By being guaranteed continued impunity for its constant violations of international law, as well as diplomatic protection at the UN, mainly by the US, Israel had no reason to abandon its extremist policies or to slow down on its frenzied colonisation of occupied Palestinian lands in the hope that the more facts they create on the ground the less the prospects for the rise of a Palestinian state next door are, no matter how peaceful such a state would be.
This privileged Israeli position is further enhanced by the prevailing situation in the region.
With many Arab states entangled in regional conflicts, locked in devastating wars against each other or mobilising every possible potential to fight terrorist organisations, Israel is certain to feel free from any pressure, let alone any threat, from its Arab neighbours.
And with the situation in he region as chaotic and as self-consumed as it is, the Palestinians ended up without any of the vital Arab support needed to take any bold moves against an occupation running unchallenged for more than five decades.
If there was any change since the new US administration took up office earlier this year, it was clearly in favour of Israel’s harder line policies.
Based on Trump’s campaign promises and the appointment of an American ambassador to Tel Aviv known for his total commitment to Israel’s settlement expansion and the transfer of the US embassy to Jerusalem, Netanyahu has every reason to believe that the wind is firmly blowing in his sails.
Except for the fact that the US embassy has not been relocated and for Trump’s request that Netanyahu “holds back on settlements a little bit”, not much change can be expected of the new US administration vis-à-vis Israel.
For Israel to respond favourably to any new US moves, its current leader may expect additional concessions because they have rejected all offers on the table so far, however favourable.
If this happens, it will widen the gap between the two conflicting sides’ positions because it is impossible for the Palestinians to lower their ceiling any further.
Nevertheless, the PA president cannot decline the Trump offer.
It is a great signal from the most important world leader with respect to the Israeli-Palestinian conflict to want to discuss the issue.
Other than lowering a life-saving rope to a sinking PA, which is good in itself, the Palestinians have not got much to lose.
Either the effort will succeed, by yielding a major breakthrough towards ending the occupation and resolving a century-old conflict, or the Israelis will again bear responsibility for the failure of the initiative.
Jayson Greenblatt, Trump’s envoy to the Middle East Peace Process, is due in Israel and the PA territory this week to listen to ideas from both sides on how Washington should formulate new peace proposals.
The visit may also determine the timing of the PA president’s visit to Washington.
But, according to a Times of Israel report last Sunday, Netanyahu will ask Greenblatt’s approval for the construction of a new settlement, rather than heed Trump’s advice to “hold back”.
Haaretz also reported (on March 13) that Israeli Defence Minister Avigdor Lieberman cautioned the US against trying to broker an Israeli-Palestinian peace deal on the basis of land for peace without also including population transfer.
“The first takeaway is that any attempt to solve the Palestinian issue on the basis of land for peace will be dead on arrival.
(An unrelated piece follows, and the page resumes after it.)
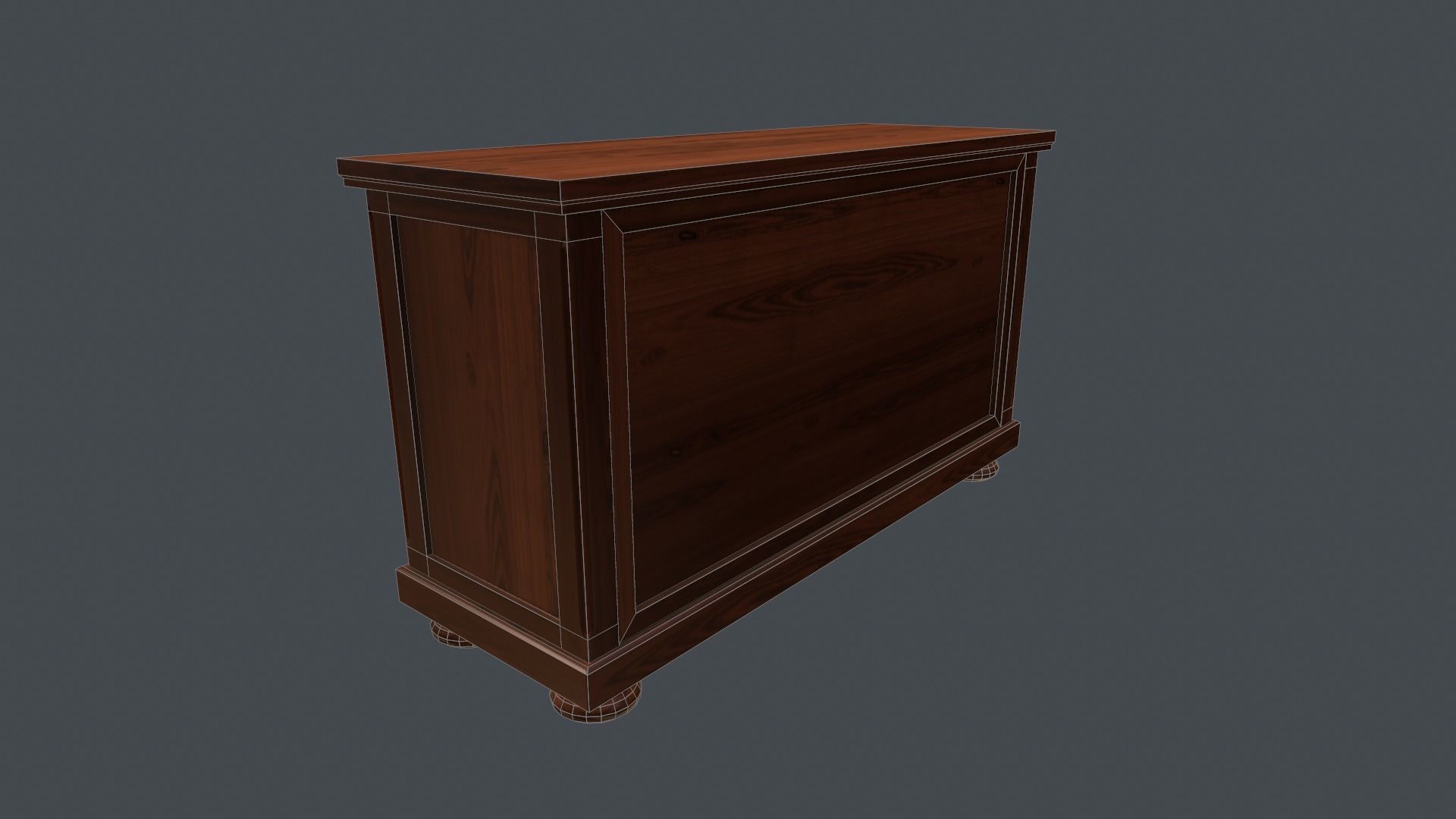 Game Ready Dresser wooden chest of drawers Low-poly 3D model_3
The only way to reach a sustainable solution is land swaps and population transfers as part of a general regional agreement,” he wrote.
“It can’t be that there will be a Palestinian state without any Jews — 100 per cent Palestinian — and alongside that Israel will be a binational state with 22 per cent Palestinians,” Liberman wrote on his Facebook in anticipation of Greenblatt’s visit.
These not very encouraging signs from Israel are not surprising.
As such, I have no hope that any progress, let alone a breakthrough, is likely to happen.
At the least, the initiative will create activity, rejuvenate hope and keep many people busy for some time.
I clearly see another round of the same cycle that has been vainly rotating for years.
It will again turn around itself ending up landing its riders, probably in a year’s time, exactly where they started.